Up to and including the line with "2017 Dodge Grand", output the records exactly as they appear.

Data extracted from a collection
════
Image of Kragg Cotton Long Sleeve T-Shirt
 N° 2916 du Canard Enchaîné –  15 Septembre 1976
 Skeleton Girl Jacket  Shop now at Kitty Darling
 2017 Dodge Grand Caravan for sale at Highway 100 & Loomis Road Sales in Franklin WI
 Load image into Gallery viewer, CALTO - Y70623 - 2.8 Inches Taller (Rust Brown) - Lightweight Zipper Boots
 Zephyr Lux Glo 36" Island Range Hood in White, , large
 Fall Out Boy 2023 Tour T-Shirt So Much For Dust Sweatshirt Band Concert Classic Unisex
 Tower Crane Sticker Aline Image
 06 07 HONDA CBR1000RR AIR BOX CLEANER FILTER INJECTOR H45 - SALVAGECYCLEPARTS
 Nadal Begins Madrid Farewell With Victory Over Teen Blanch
════
*WRITTEN RESPONSE*.
Image of Kragg Cotton Long Sleeve T-Shirt
 N° 2916 du Canard Enchaîné –  15 Septembre 1976
 Skeleton Girl Jacket  Shop now at Kitty Darling
 2017 Dodge Grand Caravan for sale at Highway 100 & Loomis Road Sales in Franklin WI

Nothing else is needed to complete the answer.